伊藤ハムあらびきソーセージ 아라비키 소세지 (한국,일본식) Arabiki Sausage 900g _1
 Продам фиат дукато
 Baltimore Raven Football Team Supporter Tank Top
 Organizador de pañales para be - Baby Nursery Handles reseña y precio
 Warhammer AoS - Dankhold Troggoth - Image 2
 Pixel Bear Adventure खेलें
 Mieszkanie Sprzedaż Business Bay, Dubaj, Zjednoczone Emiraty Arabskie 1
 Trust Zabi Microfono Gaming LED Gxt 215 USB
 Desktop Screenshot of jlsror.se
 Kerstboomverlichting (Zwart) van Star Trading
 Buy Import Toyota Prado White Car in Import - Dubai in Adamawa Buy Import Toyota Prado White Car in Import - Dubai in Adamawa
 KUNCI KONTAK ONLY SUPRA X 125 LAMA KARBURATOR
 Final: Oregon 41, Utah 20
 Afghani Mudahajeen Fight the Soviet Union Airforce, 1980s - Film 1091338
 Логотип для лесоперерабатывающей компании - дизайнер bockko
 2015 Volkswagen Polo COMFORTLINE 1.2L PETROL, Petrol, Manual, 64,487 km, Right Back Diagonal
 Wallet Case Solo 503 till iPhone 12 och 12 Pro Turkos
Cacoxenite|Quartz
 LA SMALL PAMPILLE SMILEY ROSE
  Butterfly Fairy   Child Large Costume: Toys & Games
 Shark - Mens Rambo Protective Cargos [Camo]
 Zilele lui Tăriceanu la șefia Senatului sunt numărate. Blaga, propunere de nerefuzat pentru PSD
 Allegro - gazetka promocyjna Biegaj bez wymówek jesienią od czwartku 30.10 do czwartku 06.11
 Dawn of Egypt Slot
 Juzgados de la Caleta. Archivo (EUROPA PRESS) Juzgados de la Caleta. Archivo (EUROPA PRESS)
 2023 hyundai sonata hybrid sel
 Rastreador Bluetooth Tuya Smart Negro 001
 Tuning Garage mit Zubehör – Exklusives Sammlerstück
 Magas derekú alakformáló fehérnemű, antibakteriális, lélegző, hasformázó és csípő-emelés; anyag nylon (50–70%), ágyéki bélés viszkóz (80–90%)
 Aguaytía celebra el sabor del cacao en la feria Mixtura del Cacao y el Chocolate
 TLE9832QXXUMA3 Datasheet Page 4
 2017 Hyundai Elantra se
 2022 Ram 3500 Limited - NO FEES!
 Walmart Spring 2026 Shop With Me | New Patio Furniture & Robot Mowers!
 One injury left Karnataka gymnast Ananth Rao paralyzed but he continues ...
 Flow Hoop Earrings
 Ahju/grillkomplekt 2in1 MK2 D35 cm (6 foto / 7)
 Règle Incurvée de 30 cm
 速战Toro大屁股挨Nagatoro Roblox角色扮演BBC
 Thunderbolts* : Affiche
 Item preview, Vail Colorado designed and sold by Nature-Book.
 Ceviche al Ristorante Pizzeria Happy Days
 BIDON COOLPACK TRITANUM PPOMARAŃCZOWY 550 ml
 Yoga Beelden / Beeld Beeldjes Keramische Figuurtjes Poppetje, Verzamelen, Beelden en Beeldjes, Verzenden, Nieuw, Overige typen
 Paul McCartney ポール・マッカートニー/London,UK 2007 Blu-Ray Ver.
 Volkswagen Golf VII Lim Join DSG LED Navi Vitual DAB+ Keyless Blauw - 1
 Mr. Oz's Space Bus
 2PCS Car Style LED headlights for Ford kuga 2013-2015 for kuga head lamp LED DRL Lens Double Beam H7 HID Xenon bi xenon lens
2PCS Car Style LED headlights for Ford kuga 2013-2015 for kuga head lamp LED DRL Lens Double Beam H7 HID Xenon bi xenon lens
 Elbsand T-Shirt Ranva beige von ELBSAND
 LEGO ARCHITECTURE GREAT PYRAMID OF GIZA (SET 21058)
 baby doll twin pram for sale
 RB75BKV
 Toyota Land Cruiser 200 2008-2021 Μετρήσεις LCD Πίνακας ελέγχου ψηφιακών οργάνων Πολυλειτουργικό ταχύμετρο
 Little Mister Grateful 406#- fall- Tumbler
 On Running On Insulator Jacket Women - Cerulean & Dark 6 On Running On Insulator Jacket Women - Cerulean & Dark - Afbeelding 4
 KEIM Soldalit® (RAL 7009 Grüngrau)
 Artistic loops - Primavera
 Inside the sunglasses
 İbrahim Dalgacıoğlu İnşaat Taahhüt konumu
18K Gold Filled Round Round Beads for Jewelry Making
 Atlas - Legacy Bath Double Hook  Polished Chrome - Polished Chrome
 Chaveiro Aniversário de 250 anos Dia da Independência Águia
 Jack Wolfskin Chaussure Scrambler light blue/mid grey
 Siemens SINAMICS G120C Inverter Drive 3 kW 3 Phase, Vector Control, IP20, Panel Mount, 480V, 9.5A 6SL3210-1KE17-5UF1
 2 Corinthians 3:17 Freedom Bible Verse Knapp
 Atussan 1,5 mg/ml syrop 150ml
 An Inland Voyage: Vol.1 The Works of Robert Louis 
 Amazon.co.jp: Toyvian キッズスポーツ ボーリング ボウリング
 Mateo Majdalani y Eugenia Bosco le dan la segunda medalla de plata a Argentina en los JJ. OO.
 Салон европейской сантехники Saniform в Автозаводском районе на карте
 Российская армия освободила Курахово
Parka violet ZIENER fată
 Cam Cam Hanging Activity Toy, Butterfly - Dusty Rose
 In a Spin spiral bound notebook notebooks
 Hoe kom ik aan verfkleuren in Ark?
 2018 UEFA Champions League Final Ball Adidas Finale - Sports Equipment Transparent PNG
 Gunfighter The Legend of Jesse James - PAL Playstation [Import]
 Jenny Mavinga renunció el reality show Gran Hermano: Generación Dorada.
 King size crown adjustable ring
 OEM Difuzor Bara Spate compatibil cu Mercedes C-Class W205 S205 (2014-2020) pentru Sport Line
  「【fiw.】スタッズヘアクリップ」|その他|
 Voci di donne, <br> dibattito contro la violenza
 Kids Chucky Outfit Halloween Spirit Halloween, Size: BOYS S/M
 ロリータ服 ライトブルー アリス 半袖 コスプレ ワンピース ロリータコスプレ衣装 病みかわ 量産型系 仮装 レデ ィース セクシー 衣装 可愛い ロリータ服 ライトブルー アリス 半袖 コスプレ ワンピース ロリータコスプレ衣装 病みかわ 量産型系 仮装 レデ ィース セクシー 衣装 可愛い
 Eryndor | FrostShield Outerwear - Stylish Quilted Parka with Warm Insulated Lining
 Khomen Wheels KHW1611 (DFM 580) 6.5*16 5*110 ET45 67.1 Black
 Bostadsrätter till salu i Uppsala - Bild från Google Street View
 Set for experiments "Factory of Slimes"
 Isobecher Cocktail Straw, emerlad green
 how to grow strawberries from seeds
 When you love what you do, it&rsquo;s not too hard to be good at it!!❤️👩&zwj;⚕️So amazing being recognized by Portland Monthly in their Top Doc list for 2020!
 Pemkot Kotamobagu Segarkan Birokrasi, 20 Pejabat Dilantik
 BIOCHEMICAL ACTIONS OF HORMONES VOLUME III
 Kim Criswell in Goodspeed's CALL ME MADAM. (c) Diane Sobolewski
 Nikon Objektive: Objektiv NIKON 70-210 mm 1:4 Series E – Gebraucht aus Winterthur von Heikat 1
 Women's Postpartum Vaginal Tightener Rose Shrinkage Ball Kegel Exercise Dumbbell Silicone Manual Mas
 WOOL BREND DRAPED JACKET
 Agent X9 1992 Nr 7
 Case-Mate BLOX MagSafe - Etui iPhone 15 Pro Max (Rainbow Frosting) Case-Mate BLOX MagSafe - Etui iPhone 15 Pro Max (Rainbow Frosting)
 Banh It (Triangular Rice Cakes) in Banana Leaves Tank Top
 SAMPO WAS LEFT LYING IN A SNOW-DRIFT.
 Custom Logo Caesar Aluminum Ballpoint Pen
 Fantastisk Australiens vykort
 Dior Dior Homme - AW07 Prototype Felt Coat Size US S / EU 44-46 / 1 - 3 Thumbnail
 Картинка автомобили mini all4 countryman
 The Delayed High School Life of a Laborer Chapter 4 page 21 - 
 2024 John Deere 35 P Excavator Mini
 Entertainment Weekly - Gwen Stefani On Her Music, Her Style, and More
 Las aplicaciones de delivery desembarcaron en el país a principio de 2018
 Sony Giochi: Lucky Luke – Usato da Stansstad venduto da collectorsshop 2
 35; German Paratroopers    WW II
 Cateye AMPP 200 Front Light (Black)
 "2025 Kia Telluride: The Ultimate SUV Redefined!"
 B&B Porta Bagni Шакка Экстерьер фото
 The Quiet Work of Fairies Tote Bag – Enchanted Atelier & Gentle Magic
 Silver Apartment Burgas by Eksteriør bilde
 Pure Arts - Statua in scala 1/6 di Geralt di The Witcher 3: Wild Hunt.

> Goal of the exercise: Lines containing the string "Toyota" in the material: report how many there are, with no added words.

> Response: 2